Thursday, December 1, 2016

A Stunner of a Film

In the last several weeks, I've seen a number of films, but haven't gotten around to writing them up. Well, that'll happen sometimes. Suffice it to say that most of what I've seen (from Dr. Strange to Edge of Seventeen) has been okay, but nothing that totally made me glad I'd seen it on the big screen. Other critics have mooned over these while I just -- didn't. Maybe it's end-of-semester doldrums; I don't know.
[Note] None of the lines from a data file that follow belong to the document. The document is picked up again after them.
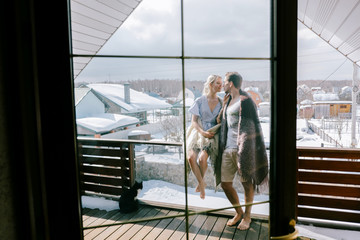 Lovely couple together at home. Pretty woman and attractive man wearing stylish casual clothes and blanket standing on a balcony and hugging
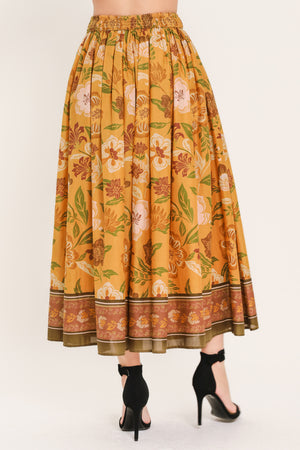 Woman wearing a mustard yellow floral patterned midi skirt | Flying Tomato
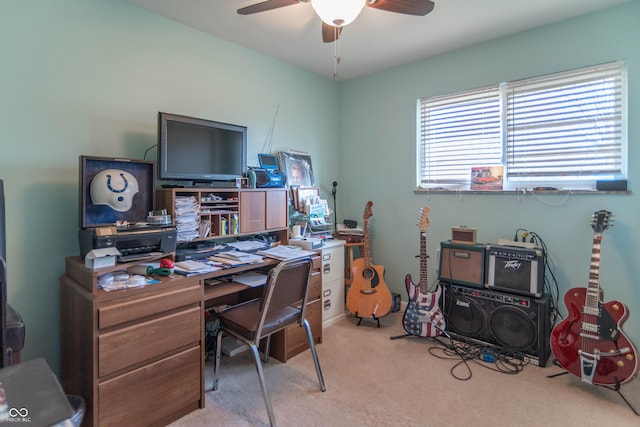 office space featuring light carpet and ceiling fan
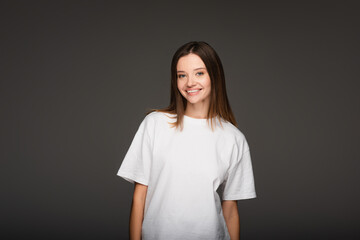 Obraz premium pretty woman in white t-shirt smiling at camera isolated on dark grey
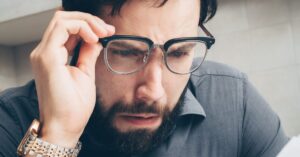 Homem adulto preocupado revisando documentos financeiros e dívidas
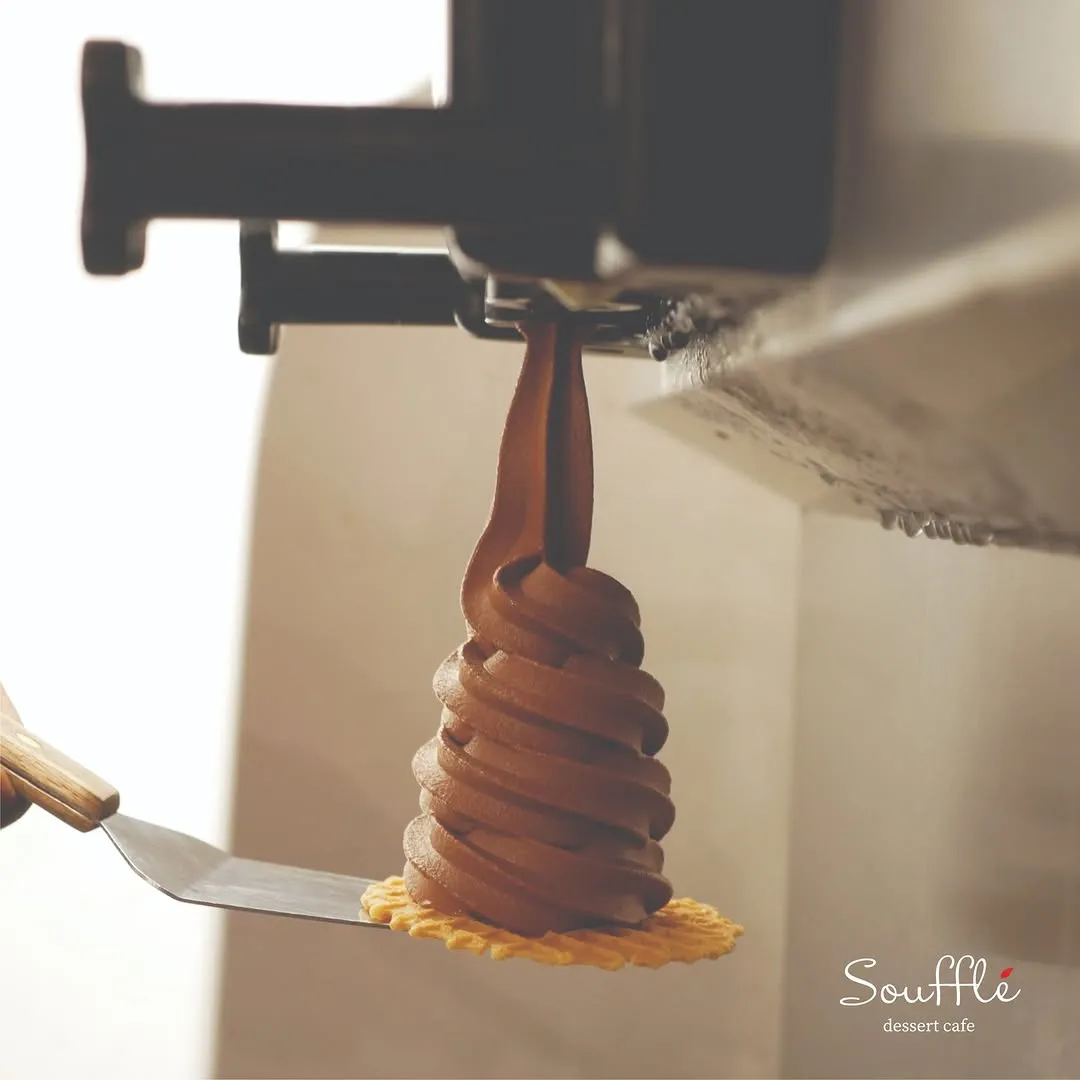 Chocolate swirl soft serve being plated on a waffle cone at the cafe.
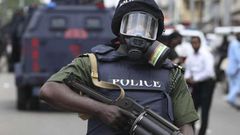 Masked Nigerian Police officer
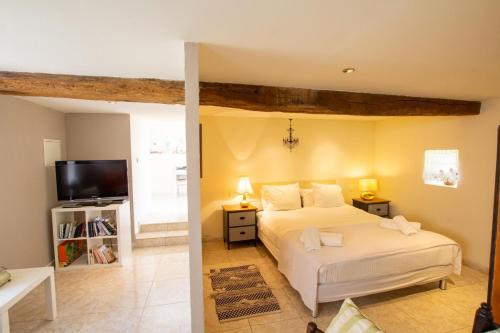 une chambre avec un lit blanc et une télévision dans l'établissement Le tilleul, à Saint-Sauveur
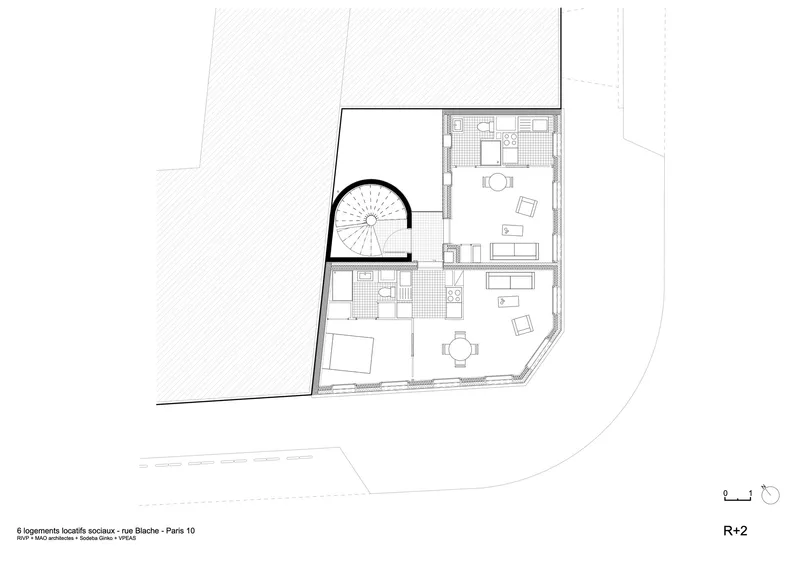 Second floor plan drawing showing duplex living areas with kitchen and spiral stair element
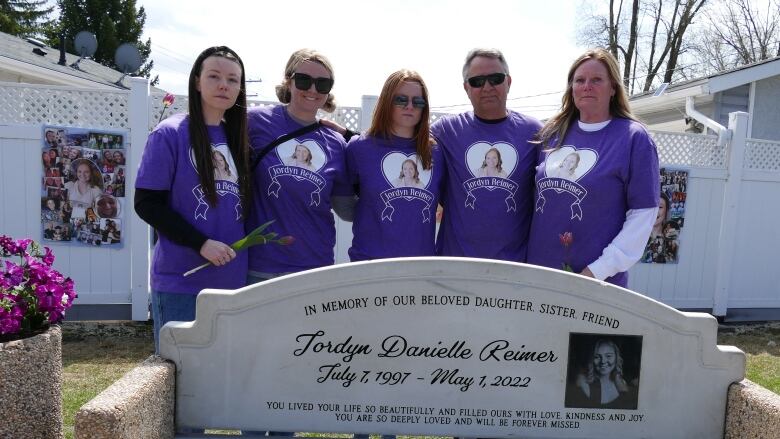 A family is pictured behind a bench engraved with a woman's name, photo and dates of her birth and death.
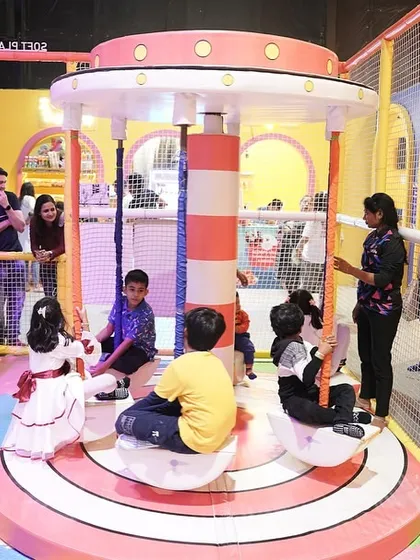 The kids' carousel is always a hit, offering a safe and delightful ride within our soft play area.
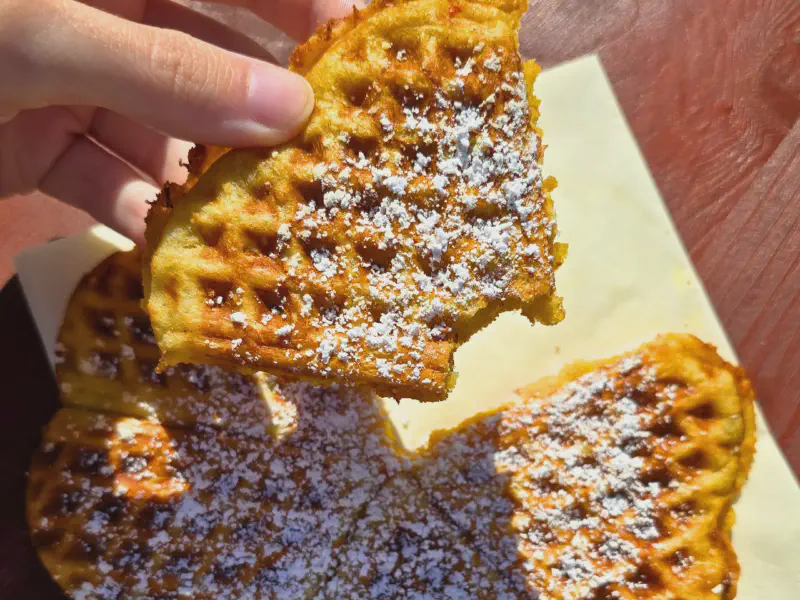 Hand hält eine Kürbiswaffel mit Puderzucker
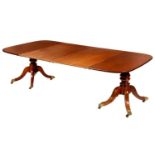 A TWIN PILLAR MAHOGANY DINING TABLE, 19TH C AND LATER  the oblong top with two leaves, on bulbous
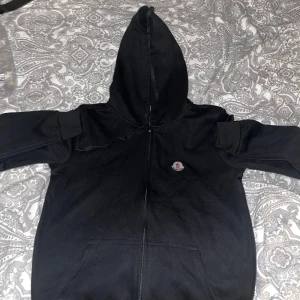 Svart huvtröja från Moncler - Snygg svart huvtröja från Moncler med dragkedja och huva. Tröjan har en diskret logotyp på bröstet och är perfekt för en stilren look. Tillverkad i ett mjukt material för extra komfort.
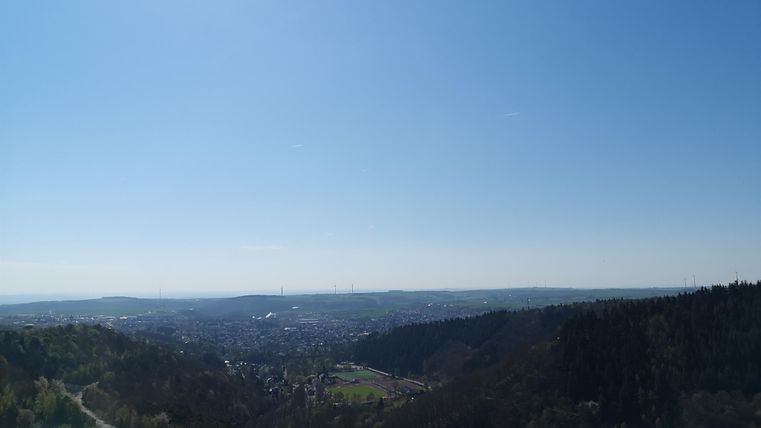 Ein schöner Ausblick über eine Stadt mit grünen Feldern und Wäldern im Hintergrund. Der Himmel ist klar und blau.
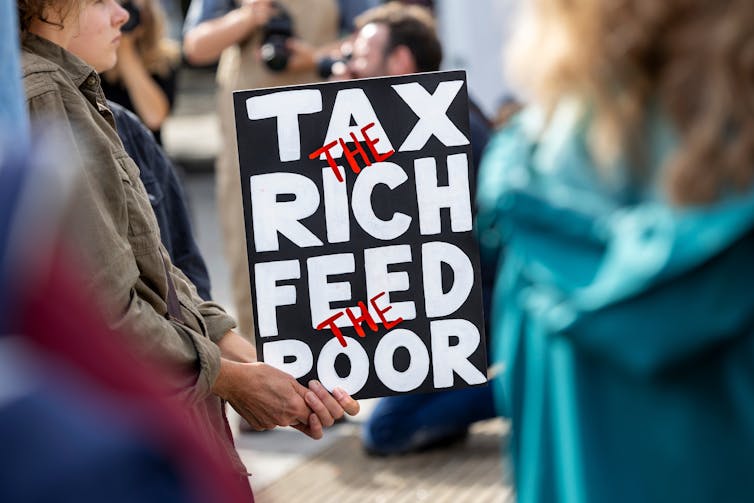protester holding a sign reading tax the rich feed the poor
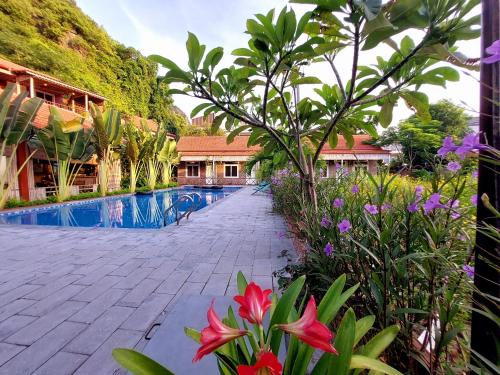 a resort with a swimming pool and some flowers at Ninh Binh Mountain Side Homestay & Cafe in Ninh Binh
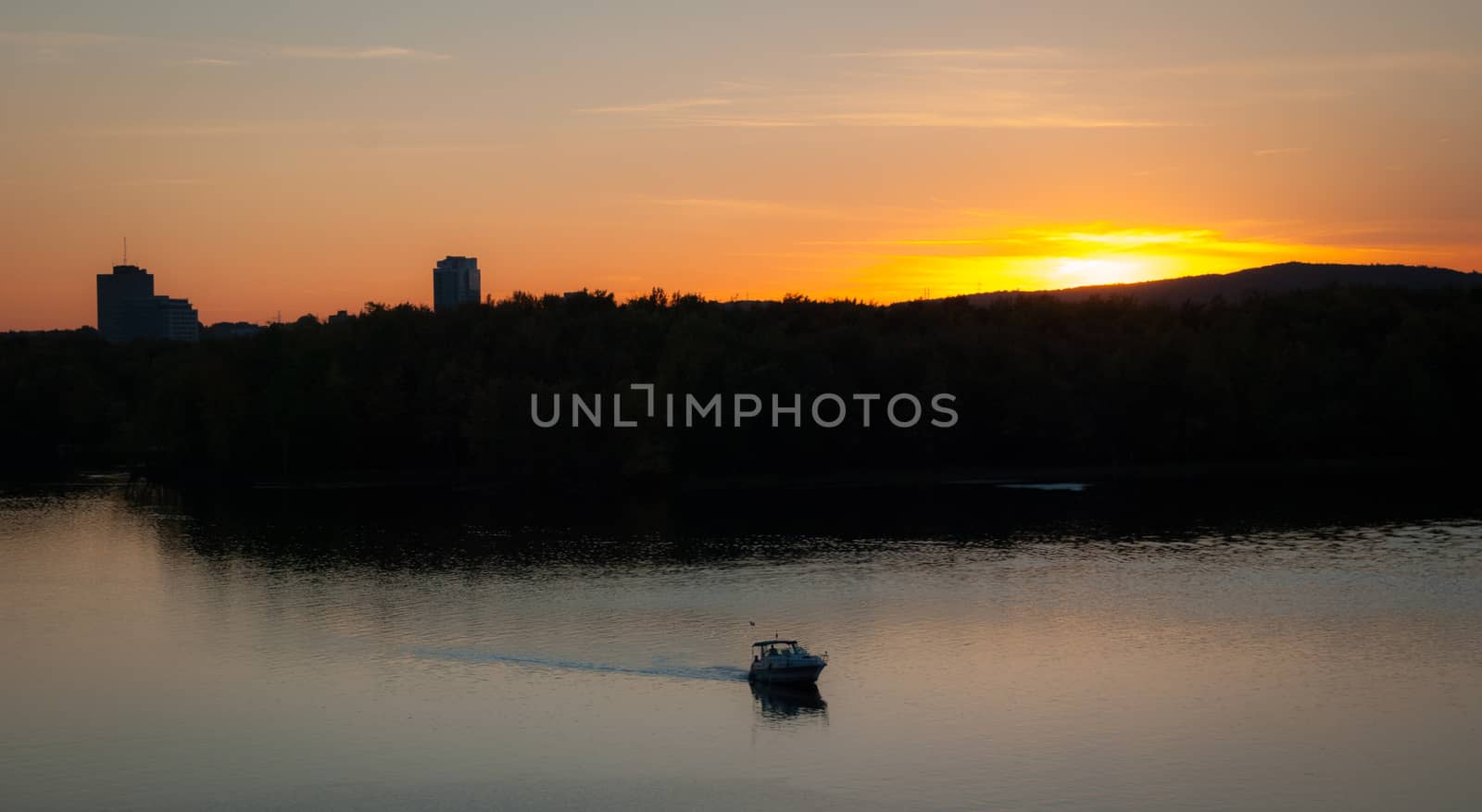 A riverboat of sight-seers cruise the river on a lovely warm summer evening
But there was an exception. Hacksaw Ridge. If you are old enough (do NOT take children to this - it's a "hard R" for graphic war violence, on the Saving Private Ryan opening scene level), go see this, then immediately put it on your "must buy" list.

Heaven knows, I've got my problems with Mel Gibson (one movie I've recently seen and loved was Peter Weir's Gallipoli, which stars a shockingly young Gibson), both in his on and off screen efforts. Let's limit this to onscreen - the man likes violence and has a penchant for lovingly filming horrific violence being done to his characters (Braveheart, I'm looking at you. You, too, Passion of the Christ). What lets him do this is the fact that he knows how to tell a story effectively and in Hacksaw Ridge, he's in top form.

Hacksaw Ridge tells the slightly fictionalized story of Desmond Doss (played so very well by Andrew Garfield), a Seventh-Day Adventist who enlisted during WW2 to become a medic. Due to his faith, he refused to so much as touch a gun, which made basic training very, very difficult. During the lengthy hellscape that was the Battle of Okinawa, Doss showed his courage time and time again as he rescued dozens of wounded men from certain death. In fact, some of his story is left out because the actual facts seem too incredible to believe - I encourage you to click here for the details comparing the movie to "real life." For his efforts, he was awarded the Medal of Honor, which they do not give out for perfect attendance.

In short, Doss held tight to his belief that it was both wrong to kill and imperative that he serve his country during wartime. How to balance those two competing beliefs makes for a compelling story.